I had been trained by my church and even my seminary that the Gospel is Penal Substitution. In my preaching and in my evangelistic interactions with people, the Gospel that I was proclaiming to individuals was this:
  • You have a predicament; you are a sinner.
  • Therefore, you are guilty and condemned before God for your iniquity.
  • You must be punished for breaking God’s holy Law.
  • However, Jesus died on the cross as your substitute, taking the penalty for you.

When you place your faith in this act on the cross, two things occur:

  • Your guilt is removed through Christ’s payment of the penalty (this is called “Expiation”); and
  • God’s wrath toward you is averted (this is called “Propitiation”).

This is the Gospel I have believed and that I have shared with many, many people. This is certainly biblical. God has indeed sent his Son to be the atoning sacrifice for the sins of the world (1 John 2:2, 4:10). Jesus’ death vindicates God’s righteousness (Rom. 1:17; 3:21-26). Christ’s blood “blots out” our sins, his sacrifice turns aside God’s anger, and God can now forgive our sins and declare us righteous. God’s verdict of condemnation no longer applies to those who place their faith in Christ (Romans 8:1-2).

But, is that all there is to the Gospel? Isn’t there more? My answer is yes.

It all starts with how we define the predicament in which humanity finds itself. Penal Substitution defines the predicament in legal terms—you are guilty of breaking God’s laws. God demands perfection, and you fall short of the glory of God.

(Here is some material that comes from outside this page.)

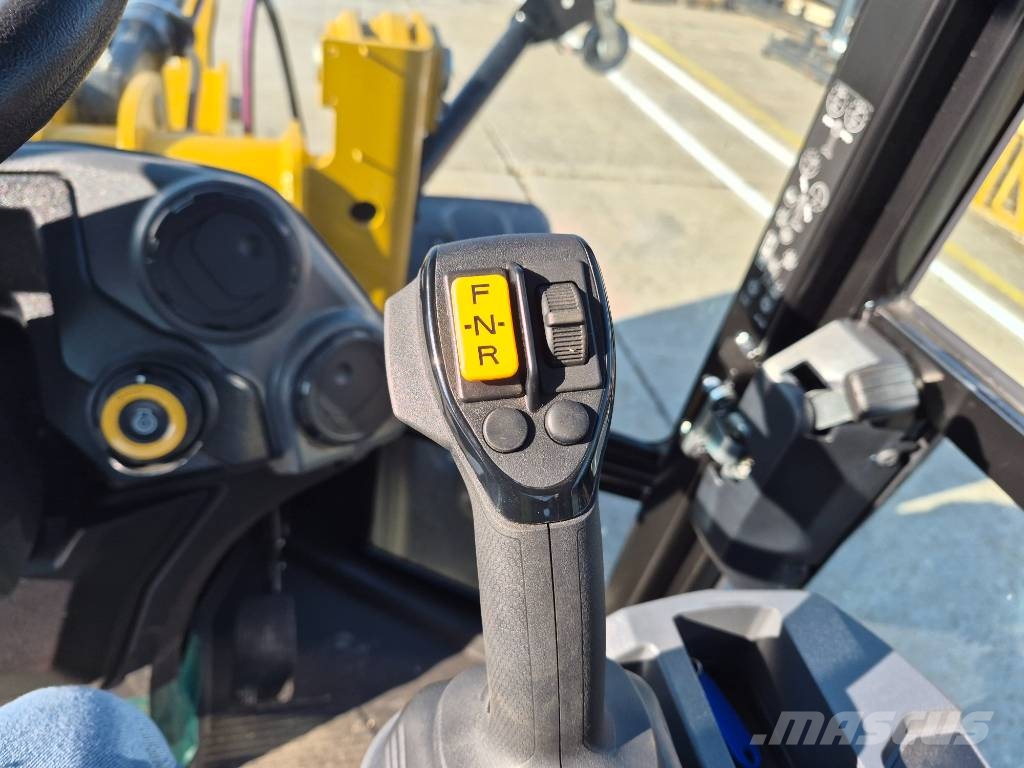 CAT 906 Radlader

Now, I am not saying this is not how many passages in the Bible define the predicament.

What I am saying is that this is not the only way the Bible defines the predicament.

In the following posts, we will look at other biblical ways to define the predicament.

The Good News that Conquers Our Predicament (An Emerging and Neo-Calvinist Gospel)
Links to the entire series:
1: Define the Predicament, and You Understand another Facet of the Gospel
2: Predicament #1: The Lack of Shalom
3: Evil Bondage in the Place of Shalom
4: EXODUS and the GOOD NEWS of FREEDOM in Paul
6: Another of Humanity’s Predicaments: Broken Relationships
7: The Prophesied Kingdom of God
8: The Kingdom of God Restoring Israel from Exile
9: The Kingdom of God Healing Broken Relationships
10: The Kingdom of God and the Atonement
11: The Kingdom and the Mission of God’s People
12: What is my view of the Kingdom of God?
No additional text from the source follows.